Bitcoin Mining Hash Rate Hits Record High Amid Price Surge

On Christmas Day, Bitcoin‘s mining hash rate reached an all-time high of 544 exahash per second (EH/s), as reported by Blockchain.com. This milestone comes despite a downturn in miners’ earnings, increasing pressure on their operations. The hash rate, a measure of the processing power of the Bitcoin network, has more than doubled since January, showing a 130% increase.

The record-breaking hash rate was confirmed by Bitinfocharts, a blockchain data analytics platform, which noted the average hash rate peaked over the weekend. In the same period, Bitcoin’s price mirrored the hash rate chart, climbing over 150% since January 1, 2023. The network’s hash rate first surpassed the 500 EH/s mark at the end of November.

Will Clemente, co-founder of Reflexivity Research, commented on the resilience of the Bitcoin network, particularly following the Chinese mining ban in the summer of 2021, highlighting the robustness of the world’s most secure decentralized open-source monetary network.

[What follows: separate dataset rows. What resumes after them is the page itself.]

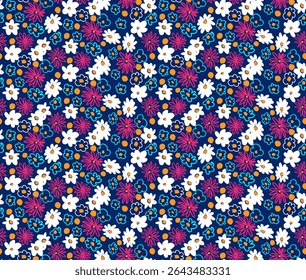 Small vector flowers daisy seamless pattern. Natural wallpaper, floral decoration illustration. Hand drawn elements. Children's drawing. Print for a dress or swimsuit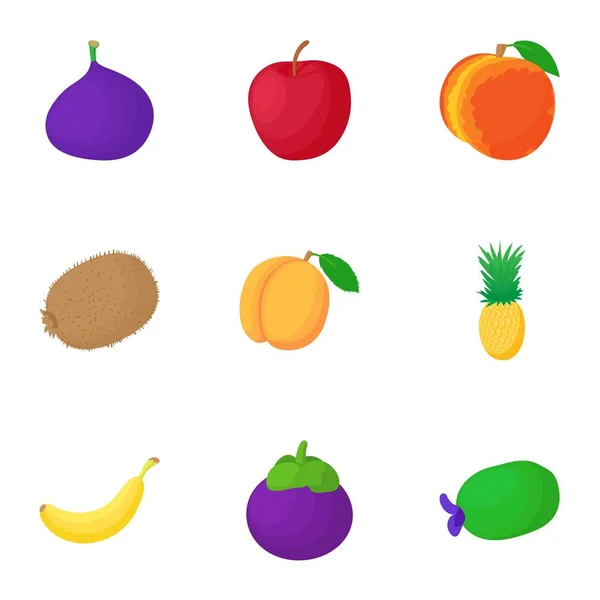 Ekologisk frukt ikoner set, tecknad stil — Stock vektor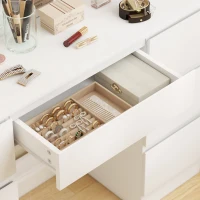 HOMCOM Masă de Machiaj cu Oglindă, 8 Lumini LED, Scaun și 7 Sertare Alb(m-9)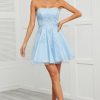 Special Occasion HELLYMOON | Blue Tulle Short Prom Dress With Appliques Light Blue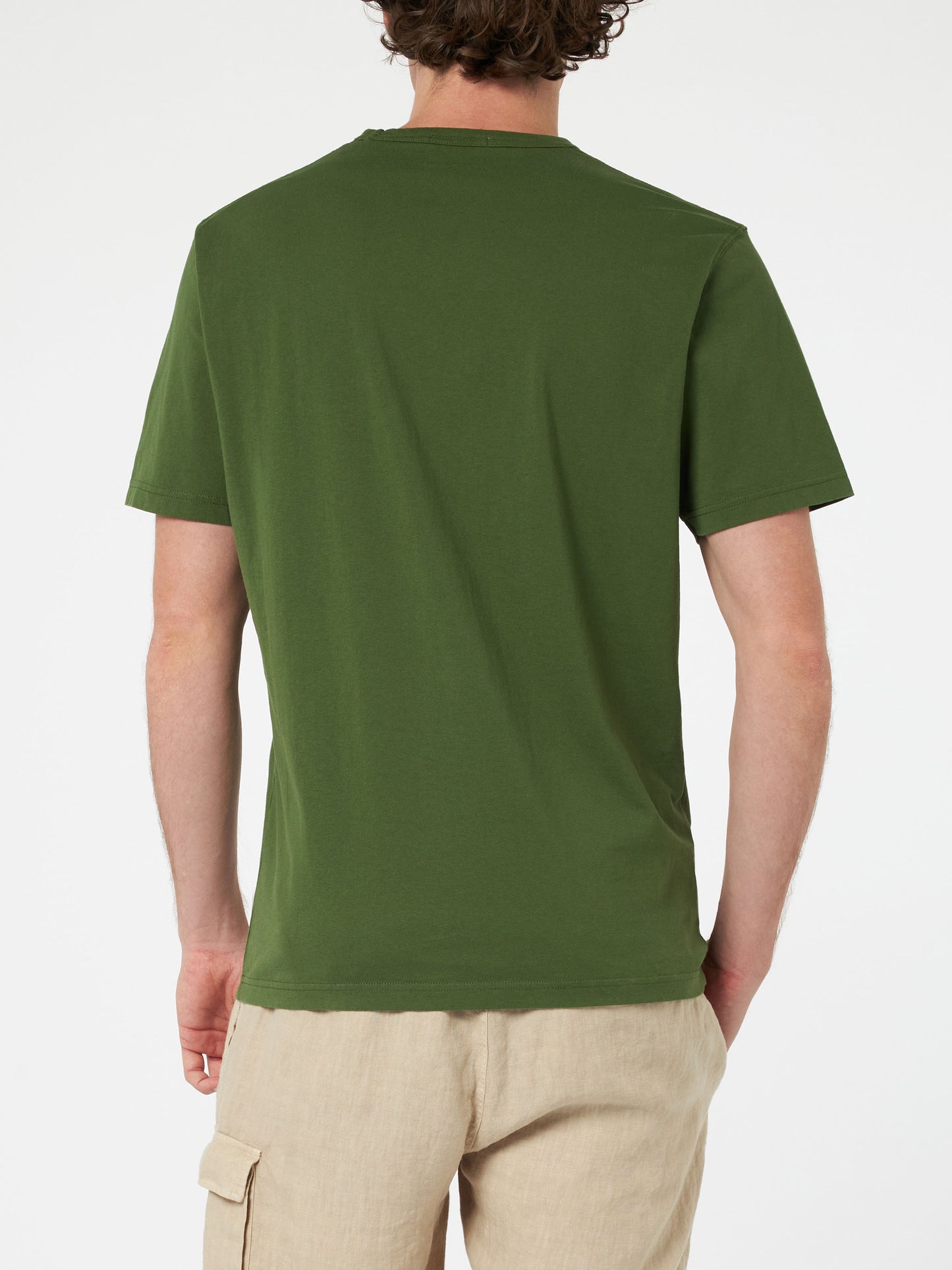 Man military green cotton jersey t-shirt Dover with St. Barth embroidery - MC2 Saint Barth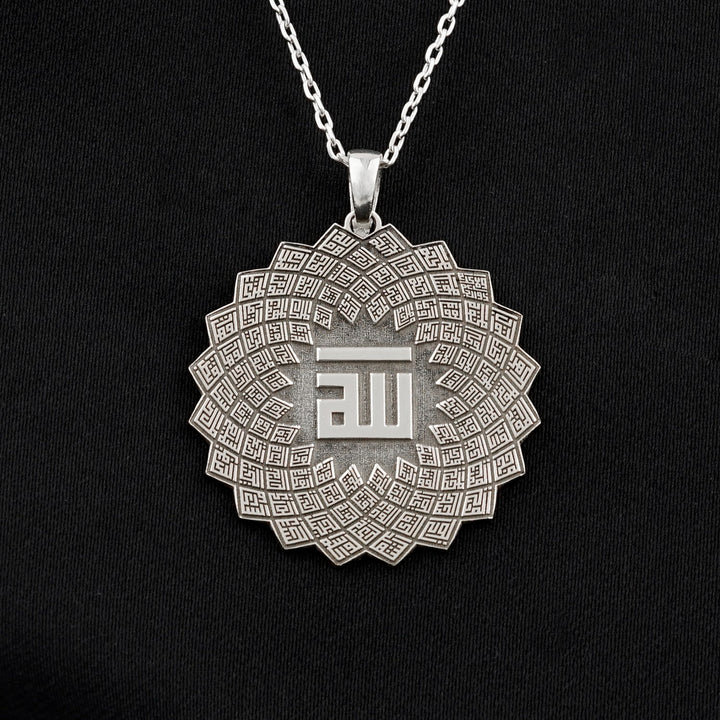 esmaul husna cicek seklinde tasarlanmis gumus kolye islamicwallart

While a high hash rate is theoretically good for price models that consider the cost of hashing, it’s not necessarily positive news for miners who have to work harder to secure the next block. The hash price, an indicator of profitability, has fallen over the past week due to a decline in the momentum of BRC-20 inscriptions hype. According to HashrateIndex, the current hash price is $0.09 per terahash per second.

Miners’ profitability has dropped by 34% since reaching 2023’s highest level of $0.136/TH/s on December 17. Hash price typically rises during high demand periods, leading to higher transaction fees, as seen during the recent inscriptions hype. Glassnode analyst Checkmatey noted the sustained high fee pressure since February, which has kept Bitcoin mempools from clearing completely for almost a year.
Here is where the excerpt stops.